И оттуда Введу тебя в жилья свиней и псов: Там прятались сыны твоих отцов, Потомки тех, чей прадед был Иегуда, Лев Маккавей, — средь мерзости свиной, В грязи клоак с отбросами сидели, Гнездились в каждой яме, в каждой щели — По семеро, по семеро в одной… Так честь Мою прославили превыше Святых Небес народам и толпам: Рассыпались, бежали, словно мыши, Попрятались, подобные клопам, И околели псами…
(Пер. В. Жаботинского) [90]
Бялик несправедлив. Кишиневские евреи пытались защищаться — палками, кольями, изредка (когда было чем) — отстреливались. Но они не были готовы к погрому и бездействию полиции. Погрома ждали в Одессе. Там (на квартире зубатовской Еврейской независимой рабочей партии) были сформированы и вооружены отряды самообороны, с участием всех слоев еврейской молодежи — от студенчества до уголовников и портовой шпаны. (Это выразительно описано Жаботинским в романе «Пятеро».) А в Кишиневе таких отрядов не создали, да и студенчества не было, и с еврейской шпаной дело обстояло похуже, чем в Одессе.
У российского общества шок вызвало в первую очередь поведение властей. Оно, судя по всему, диктовалось в большой степени, если не преимущественно, трусостью. Губернатору Викентию Самойловичу фон Раабену не хотелось выглядеть защитником «жидов» от христиан. Полиция на местах, со своей стороны, была настроена вполне антисемитски и не торопилась мешать народной расправе — во всяком случае, без специального приказа.

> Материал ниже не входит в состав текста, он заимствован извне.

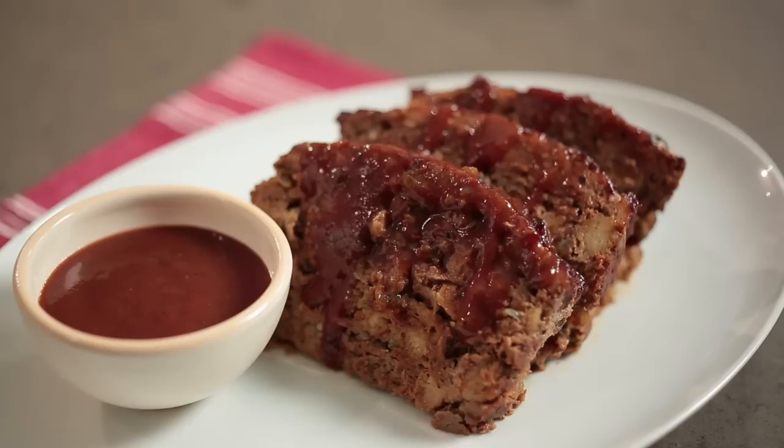Hi, I'm John Stage and this is Dude Food. Today we're going to give a barbecue treatment to an old culinary warhorse, the meatloaf.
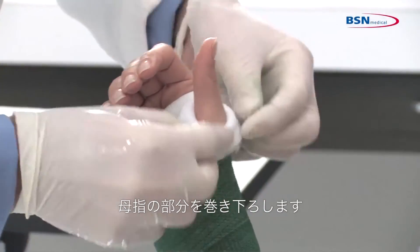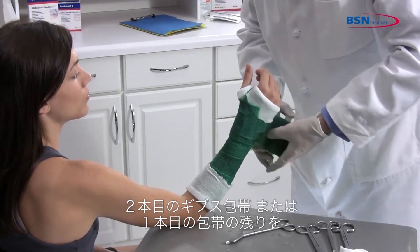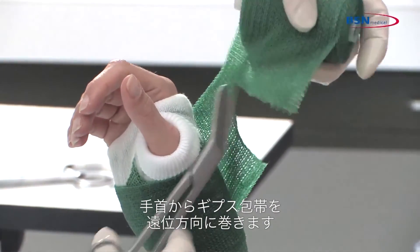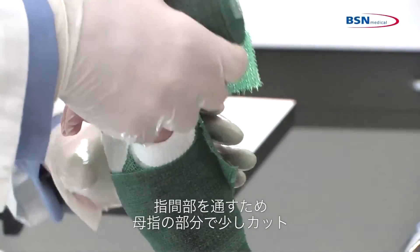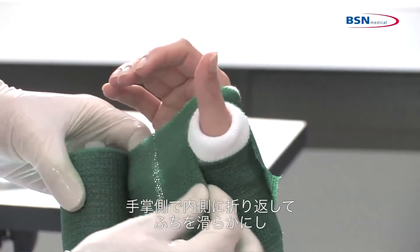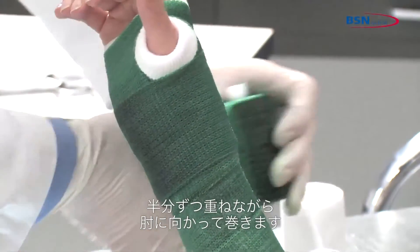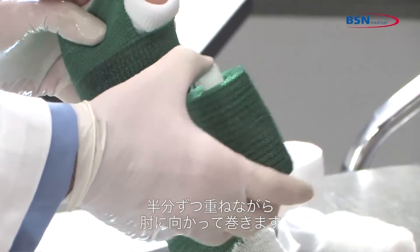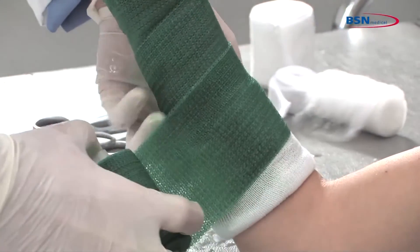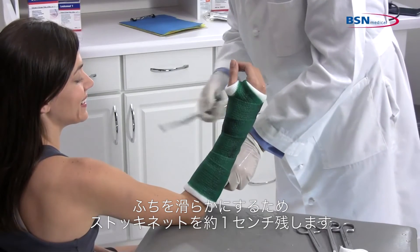Roll down the stockinette at the thumb. Now take a second roll or use the rest of the first roll of cast tape. Start wrapping the cast tape at the wrist working distally to the hand. Make a cut at the thumb to easily pass through the web space. Curl the cut edges of the cast tape under to create a smoother edge. Continue working toward the elbow, overlapping 50%, being sure to leave approximately ½ inch of stockinette exposed to leave a soft end.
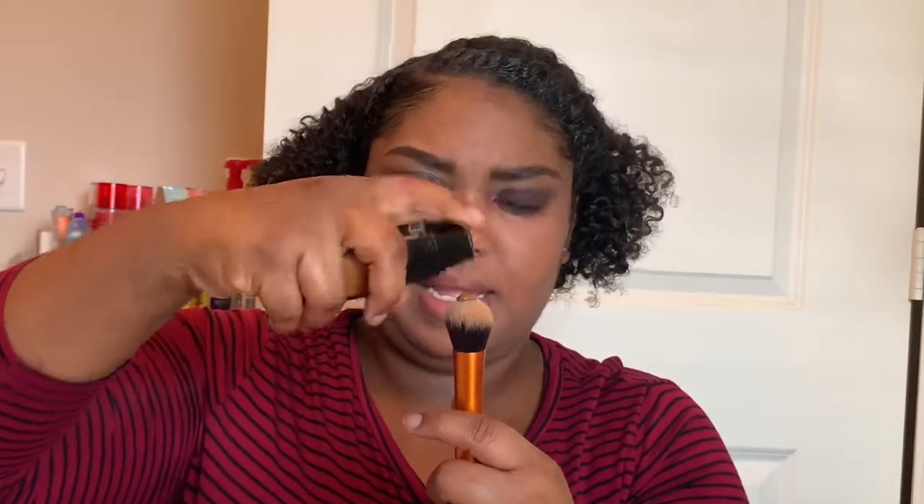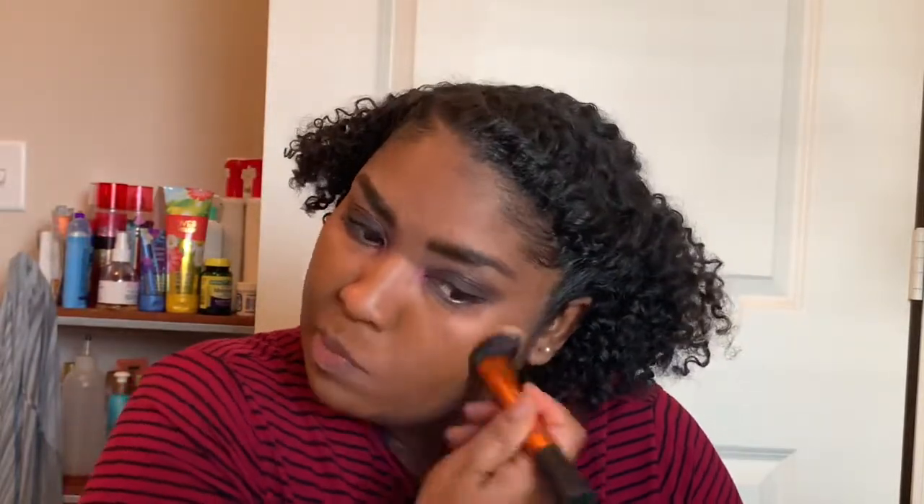Now moving on to my face. The foundation I'm using is the L'Oreal Infallible Up to 24 Hour Fresh Wear in the color 525. This is my first time using it — I'm not totally sure if it's a great match, but I'm going to try it. They didn't have a lot of shade options, and the other shade looked really orange, so I went with this one.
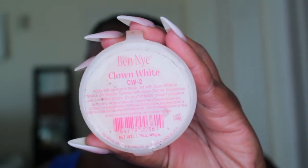Even though I put concealer on my eyelids to mute them, I'm also going to use this Benai Clown White. I like it because it's nice, thick, and pasty — not creamy. I want that really thick, sticky, stiff consistency because I won't need as much, and I know the eyeshadows are really going to stick to it.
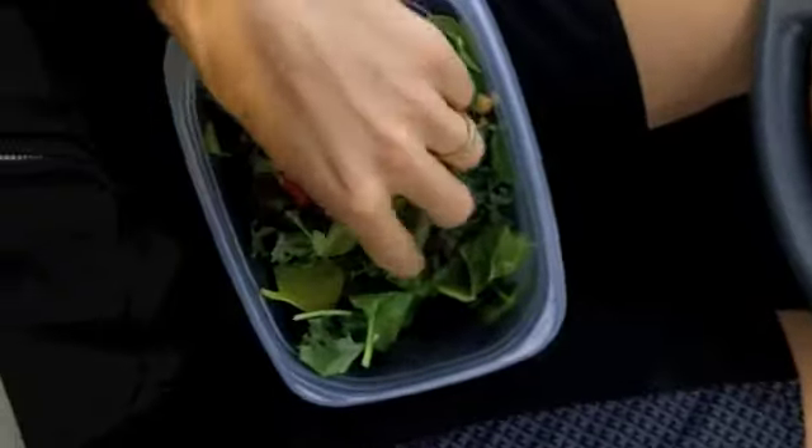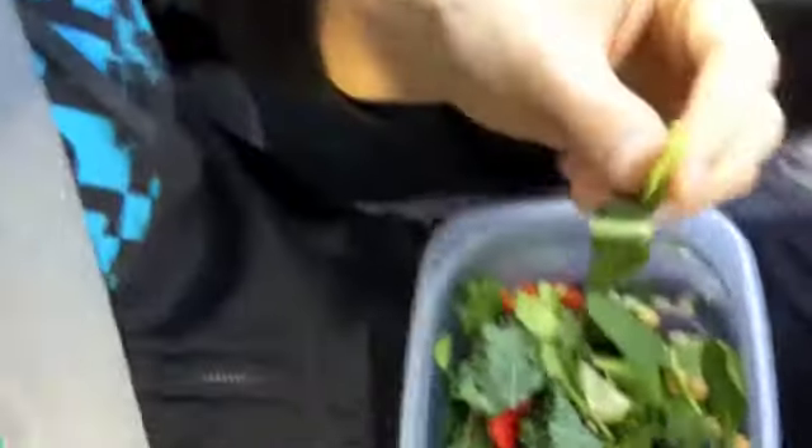I just want to show you how it is possible to eat healthy on the road, and while you're out and about throughout your day, all you have to do is pack some healthy food. So check it out — I'm driving along here, and I got my salad, and it's dry. There's no dressing, and that's not usually how I eat it, but it is possible to eat it like that.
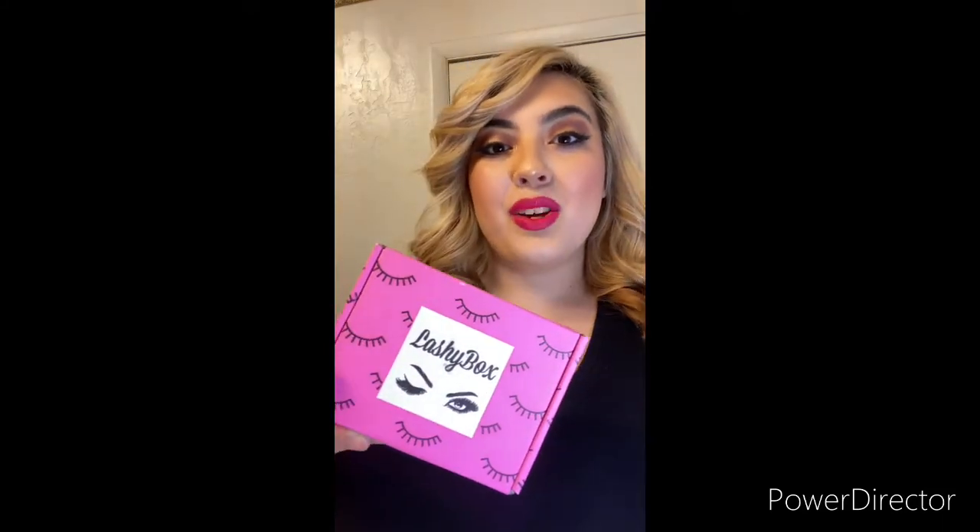Hey you guys, my name is Alisa. Thank you so much for joining me today on my first official video on this channel. I can't believe I'm finally doing this — it's been a long time coming. Today we are going to be reviewing the Lashy Box Drama Box. I am so excited; these lashes did not disappoint. I haven't worn a pair yet — I want to show you guys first before I broke into them, so let's get started.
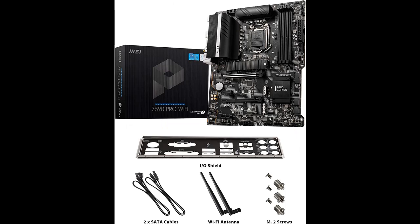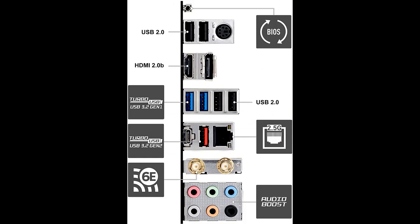The extended heatsink design and M.2 Shield Frozr are built for high-performance systems and non-stop workloads. Powered by the Intel USB 3.2 Generation 2 controller, Turbo USB ensures an uninterrupted connection with more stability and the fastest USB speeds.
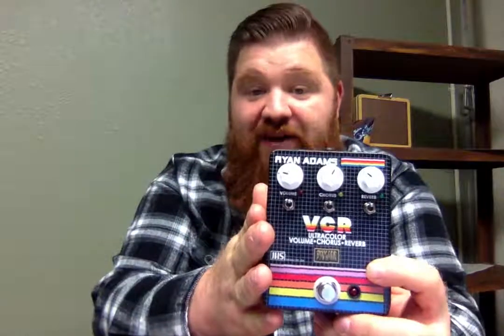It's a really cool design. If you're from the nostalgia generation and Stranger Things just hits all the right spots for you, this pedal's design, if nothing else, is going to set it for you.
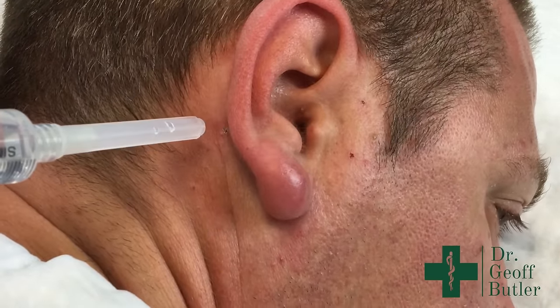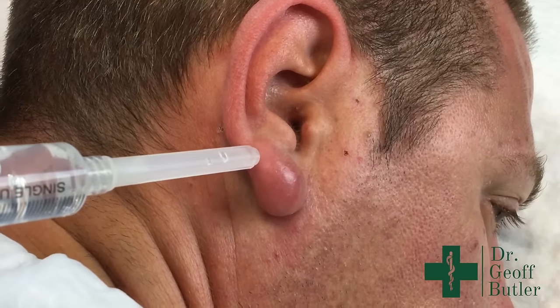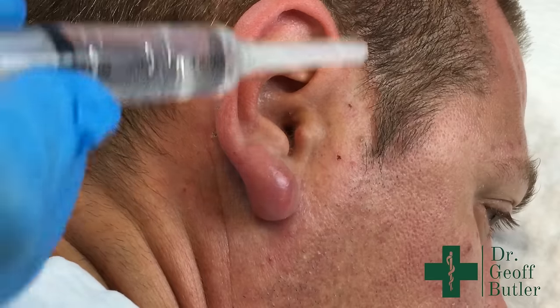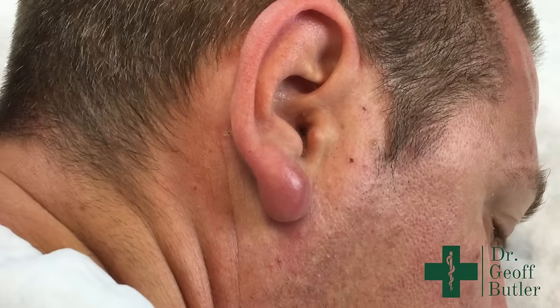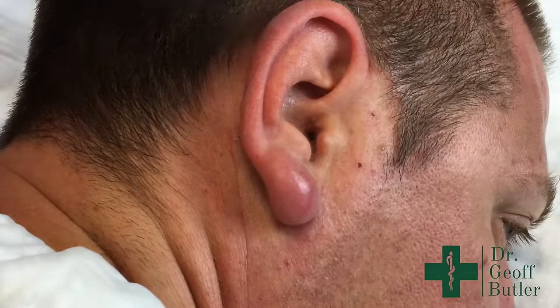With respect to the nerve supply of the ear, I've already done a block around the ear. When tissue is infected, it affects the anesthesia. By doing a block around the ear, hopefully he'll be a lot more comfortable. I'll add some extra at the base — it may not be absolutely necessary, but it maximizes comfort.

Но общественностью, и без того раздраженной, это было воспринято совершенно иначе.
Почему? Ну, во-первых, просто есть уровень некомпетентности, в который поверить труднее, чем в тотальный заговор. Это относится как к апрелю 1903-го, так и к январю 1905 года, к Кровавому воскресенью. Сперва стали искать тайных инициаторов погрома на местном уровне. (Речь шла, например, о начальнике Кишиневского охранного отделения фон Левендале, в той или иной степени причастном к антиеврейской агитации.)
Но в начале мая в парижских газетах была напечатана телеграмма, якобы посланная Плеве фон Раабену 25 марта и предписывавшая «в случае столкновений между христианами и евреями, всегда бывающими на Пасху», воздержаться от применения оружия. Это уже была фальшивка — современные историки на сей счет единодушны. Никаких следов исходящего (в Петербурге) и входящего (в Кишиневе) письма не найдено в царских архивах.
Но фальшивое письмо всё объясняло. А заодно снимало ответственность с народа и полностью перекладывало ее на власть, как-то восстанавливая привычную интеллигентскую картину мира.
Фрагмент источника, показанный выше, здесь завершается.